- _Task_: Please print only the top portion of the entries below, ending with the line that contains "Andrea Bocelli", exactly as written.

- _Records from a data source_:
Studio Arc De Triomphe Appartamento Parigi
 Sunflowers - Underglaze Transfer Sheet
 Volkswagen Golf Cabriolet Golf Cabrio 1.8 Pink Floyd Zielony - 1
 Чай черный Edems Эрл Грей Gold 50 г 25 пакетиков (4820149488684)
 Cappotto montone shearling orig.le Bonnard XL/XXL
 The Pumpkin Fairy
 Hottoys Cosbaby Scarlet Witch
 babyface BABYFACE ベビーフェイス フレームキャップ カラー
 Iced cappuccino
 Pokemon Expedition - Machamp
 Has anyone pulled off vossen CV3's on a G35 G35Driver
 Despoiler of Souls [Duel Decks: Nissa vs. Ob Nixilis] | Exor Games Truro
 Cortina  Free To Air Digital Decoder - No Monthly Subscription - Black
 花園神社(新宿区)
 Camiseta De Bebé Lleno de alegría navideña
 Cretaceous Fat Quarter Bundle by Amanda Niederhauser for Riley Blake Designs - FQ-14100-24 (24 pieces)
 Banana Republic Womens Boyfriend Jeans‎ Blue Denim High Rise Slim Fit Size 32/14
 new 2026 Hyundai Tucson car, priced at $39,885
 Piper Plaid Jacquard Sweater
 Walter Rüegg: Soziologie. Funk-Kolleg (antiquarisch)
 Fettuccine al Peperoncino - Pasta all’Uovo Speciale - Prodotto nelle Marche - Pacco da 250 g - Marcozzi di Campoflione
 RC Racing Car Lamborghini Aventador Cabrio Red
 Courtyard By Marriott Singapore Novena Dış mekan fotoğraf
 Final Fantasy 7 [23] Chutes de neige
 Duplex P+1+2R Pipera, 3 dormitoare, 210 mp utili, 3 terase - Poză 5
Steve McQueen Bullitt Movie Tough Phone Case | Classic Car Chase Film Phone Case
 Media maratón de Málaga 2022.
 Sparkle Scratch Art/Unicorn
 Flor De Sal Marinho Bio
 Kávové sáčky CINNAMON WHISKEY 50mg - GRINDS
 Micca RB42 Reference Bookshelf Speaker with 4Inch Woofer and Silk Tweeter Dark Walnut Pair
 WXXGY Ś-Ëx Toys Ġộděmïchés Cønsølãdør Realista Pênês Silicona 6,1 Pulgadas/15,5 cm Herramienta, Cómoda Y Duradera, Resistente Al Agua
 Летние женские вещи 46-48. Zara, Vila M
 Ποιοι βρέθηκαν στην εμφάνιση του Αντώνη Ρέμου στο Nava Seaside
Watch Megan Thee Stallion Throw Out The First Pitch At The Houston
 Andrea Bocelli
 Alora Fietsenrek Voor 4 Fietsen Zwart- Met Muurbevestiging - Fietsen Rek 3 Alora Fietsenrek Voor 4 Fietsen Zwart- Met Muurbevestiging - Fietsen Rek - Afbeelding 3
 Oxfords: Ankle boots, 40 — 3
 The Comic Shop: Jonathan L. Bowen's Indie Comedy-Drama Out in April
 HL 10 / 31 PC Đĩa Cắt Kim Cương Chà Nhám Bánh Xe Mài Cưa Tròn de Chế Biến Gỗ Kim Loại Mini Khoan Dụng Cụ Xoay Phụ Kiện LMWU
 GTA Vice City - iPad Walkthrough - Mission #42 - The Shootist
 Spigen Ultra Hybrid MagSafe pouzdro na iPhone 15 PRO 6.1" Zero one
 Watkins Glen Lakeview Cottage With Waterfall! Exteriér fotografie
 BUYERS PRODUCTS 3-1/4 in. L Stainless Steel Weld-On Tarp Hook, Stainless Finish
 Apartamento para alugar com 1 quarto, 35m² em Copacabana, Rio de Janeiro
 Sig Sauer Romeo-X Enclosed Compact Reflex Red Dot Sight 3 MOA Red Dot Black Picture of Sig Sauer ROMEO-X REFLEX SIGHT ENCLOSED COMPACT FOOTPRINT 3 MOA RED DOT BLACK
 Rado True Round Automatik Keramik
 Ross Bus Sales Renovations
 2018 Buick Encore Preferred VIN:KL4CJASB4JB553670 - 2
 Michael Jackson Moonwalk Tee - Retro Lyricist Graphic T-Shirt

- _Answer box_:
Studio Arc De Triomphe Appartamento Parigi
 Sunflowers - Underglaze Transfer Sheet
 Volkswagen Golf Cabriolet Golf Cabrio 1.8 Pink Floyd Zielony - 1
 Чай черный Edems Эрл Грей Gold 50 г 25 пакетиков (4820149488684)
 Cappotto montone shearling orig.le Bonnard XL/XXL
 The Pumpkin Fairy
 Hottoys Cosbaby Scarlet Witch
 babyface BABYFACE ベビーフェイス フレームキャップ カラー
 Iced cappuccino
 Pokemon Expedition - Machamp
 Has anyone pulled off vossen CV3's on a G35 G35Driver
 Despoiler of Souls [Duel Decks: Nissa vs. Ob Nixilis] | Exor Games Truro
 Cortina  Free To Air Digital Decoder - No Monthly Subscription - Black
 花園神社(新宿区)
 Camiseta De Bebé Lleno de alegría navideña
 Cretaceous Fat Quarter Bundle by Amanda Niederhauser for Riley Blake Designs - FQ-14100-24 (24 pieces)
 Banana Republic Womens Boyfriend Jeans‎ Blue Denim High Rise Slim Fit Size 32/14
 new 2026 Hyundai Tucson car, priced at $39,885
 Piper Plaid Jacquard Sweater
 Walter Rüegg: Soziologie. Funk-Kolleg (antiquarisch)
 Fettuccine al Peperoncino - Pasta all’Uovo Speciale - Prodotto nelle Marche - Pacco da 250 g - Marcozzi di Campoflione
 RC Racing Car Lamborghini Aventador Cabrio Red
 Courtyard By Marriott Singapore Novena Dış mekan fotoğraf
 Final Fantasy 7 [23] Chutes de neige
 Duplex P+1+2R Pipera, 3 dormitoare, 210 mp utili, 3 terase - Poză 5
Steve McQueen Bullitt Movie Tough Phone Case | Classic Car Chase Film Phone Case
 Media maratón de Málaga 2022.
 Sparkle Scratch Art/Unicorn
 Flor De Sal Marinho Bio
 Kávové sáčky CINNAMON WHISKEY 50mg - GRINDS
 Micca RB42 Reference Bookshelf Speaker with 4Inch Woofer and Silk Tweeter Dark Walnut Pair
 WXXGY Ś-Ëx Toys Ġộděmïchés Cønsølãdør Realista Pênês Silicona 6,1 Pulgadas/15,5 cm Herramienta, Cómoda Y Duradera, Resistente Al Agua
 Летние женские вещи 46-48. Zara, Vila M
 Ποιοι βρέθηκαν στην εμφάνιση του Αντώνη Ρέμου στο Nava Seaside
Watch Megan Thee Stallion Throw Out The First Pitch At The Houston
 Andrea Bocelli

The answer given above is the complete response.